Violet had already unclipped her seatbelt. She shot him a look, opened the door, and slid down into the night. The air felt thick. Her stomach rolled, and she hoped that Mikel was wrong about this. The Tim from her memory, who had pulled her out of the smoky shop, sat her on the grass, and stayed with her, refused to align with this Tim, who he suspected had left Margie unconscious and possibly hurt Lila.

She was already halfway to the door when Mikel grabbed her arm and tugged her back. “Let me go first.”

Any other time she would have fought the demand, but something in the stillness of the air and the tight set of his shoulders made her bite her tongue. “You just going to march up and knock on the door?” she asked instead.

“Yup.”

Mikel had barely confirmed it when bright light flooded the area. He caught her round the waist and pushed her behind him again when she stepped forward to look. Metal on metal screeched. Violet peered around the bulk of him and saw the roll-up door was rising.

“Tim?” Mikel called, one hand up to shield his eyes against the floodlights. “That you?
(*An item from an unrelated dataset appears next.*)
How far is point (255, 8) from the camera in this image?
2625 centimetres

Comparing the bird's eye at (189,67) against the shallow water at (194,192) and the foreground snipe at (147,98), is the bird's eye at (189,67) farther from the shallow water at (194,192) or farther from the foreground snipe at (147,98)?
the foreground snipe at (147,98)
We don’t want any trouble, just out here lookin’ for someone.”

“You found her.”

Ice slid down Violet’s spine.

Tim stepped into the doorframe with Lila in front of him, his arm wrapped tight across her chest while she blinked her golden eyes, desperately searching the dark night.

“My dad was a good man,” Tim declared, voice thick. “You took him from me.” Violet’s stomach bottomed out.

“Lila—”

“So, I figured it’s only fair I take something of yours too.” Tim reached up, bizarrely gentle while he brushed back Lila’s dark hair and tugged the collar of her shirt to the side. He bodily turned her into the light.

There on her pale shoulder was a still-bleeding, fresh mating mark.